Janrain provides a third party solution for handling Social Login, Social Sharing, Social Analytics and more with their Janrain Engage product. Troy Goode has provided a NuGet package called EngageNet that adds a wrapper library for the Janrain Engage service on ASP.NET MVC sites, though it was last updated a year ago. Janrain also provides a very basic wrapper (C#), but it definitely isn't complete either. Other than that I struggled to find much in the way of .NET libraries for Janrain Engage. From what I remember (used it about 18 months ago), I had to write my own implementation for Pro/Enterprise features of the API like Account Mapping.

Pros

  • Managed - A totally hands off approach. You setup to work with one API system and they handle the rest.* Coverage - Pretty much covers any authentication provider you would need, plus more.* Features - It goes beyond authentication to offer social sharing, contact import and other features by communicating directly with the APIs.* Support - You can expect more support than you would get with an open-source solution.

Cons

  • Third-party - You and your data are dependent on an intermediary party. If their solution is down, so is your login. And the lower levels of the service aren't completely white-label so people could see you are using a third-party service, which they might not appreciate when considering their authentication details.* User Caps & Cost - It gets costly for full features, with price caps at 10K / 25K users and beyond. Up to 10K users you are paying a $1000 / mo, which equates to a minimum of .10 per user or more. If you are planning to have a large user community, it could become very costly.* .NET Support - There isn't much of a .NET community utilizing Janrain Engage, at least not those that are sharing their code publicly.  You'll have to dig and ask around for coding help using Pro/Enterprise plans.

Conclusion

I should mention that the OAuth.net website provides a list of extensions / libraries itself, but, with the exception of DotNetOpenAuth, the others for .NET are old fairly old and seem unmaintained.  This was one reason for putting this article together.

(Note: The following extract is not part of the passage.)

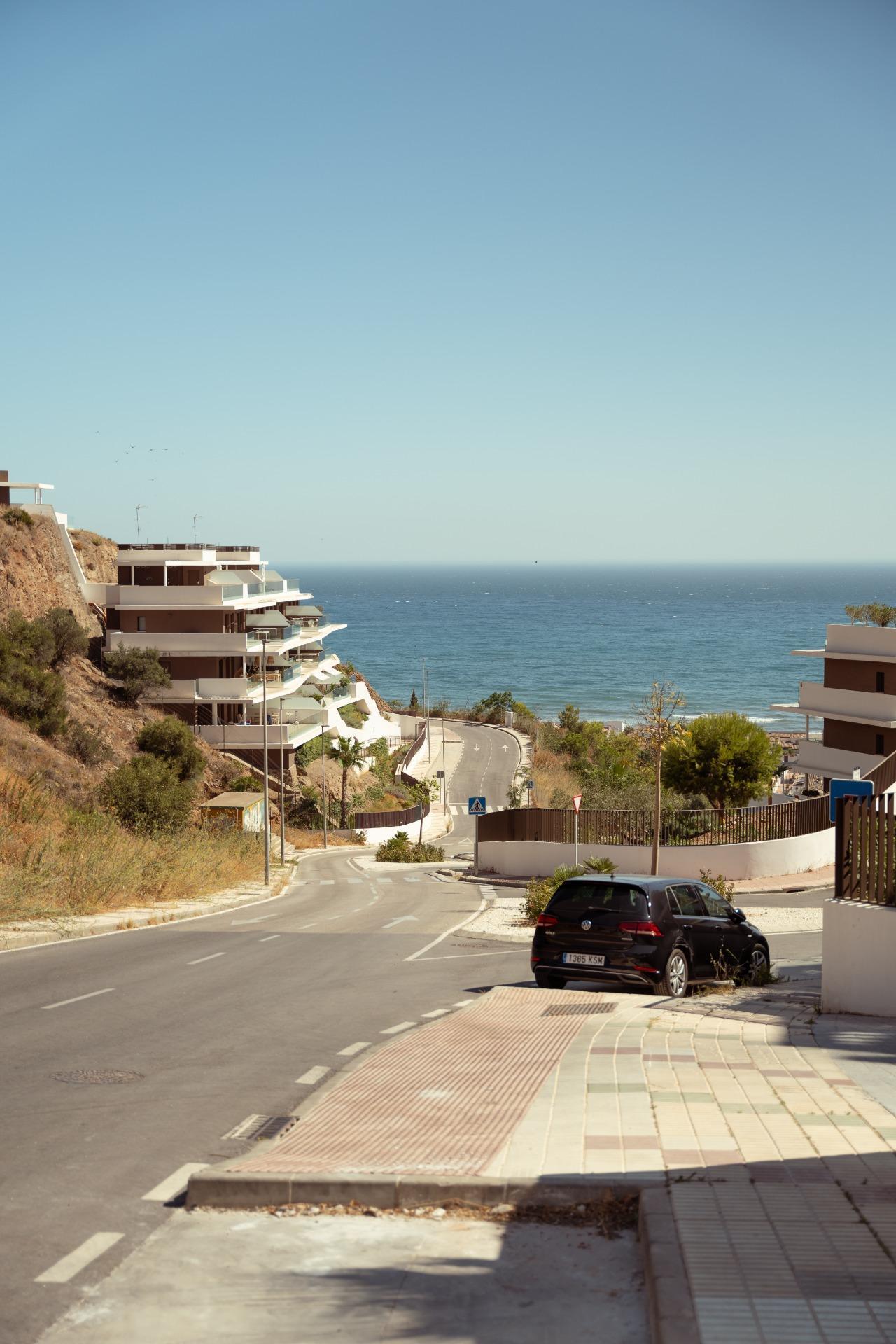 Pisos-Venta-RincÃ³n de la Victoria-2415332-Foto-34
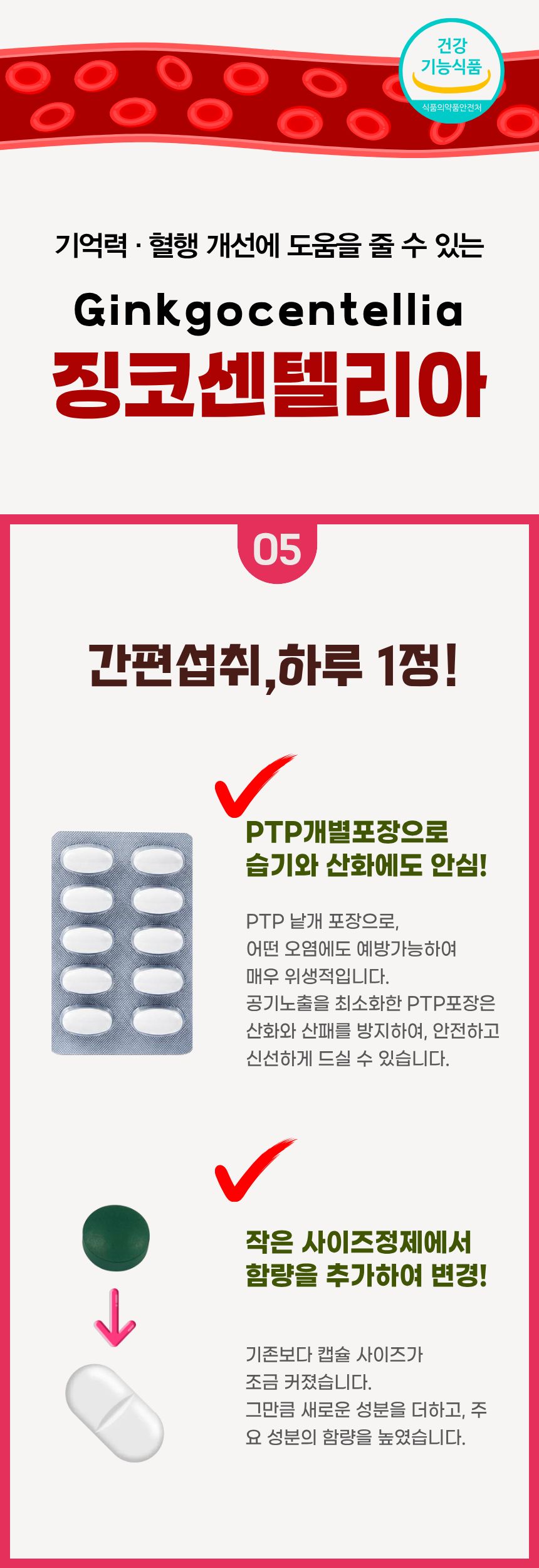dd649e849e70558242c1256531955767_1791771393_0892.jpg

I've tried Janrain Engage myself, and after the initial implementation it does make things easier, even though I had to write my own integration code. While they offer the most robust out-of-box solution at this point in time, in the end I really disliked having to rely on a third-party solution and eventually dropped it.

I think the SocialAuth solution is positioned very well, and if BrickRed would put more focus, resources and priority on the library, I think they'd have a solution developers would embrace, and likely pay for.

In the end I still struggle to determine what is the best method of authentication and interacting with social websites using .NET, specifically within MVC. Should I use a full-blown solution like Janrain Engage or SocialAuth.NET, or use barebones Authentication provider in conjunction with the Facebook/Twitter libraries directly? 

For now I'll likely stick with a lightweight solution like SimpleSocialAuth.MVC3, and use the most stable SDKs directly.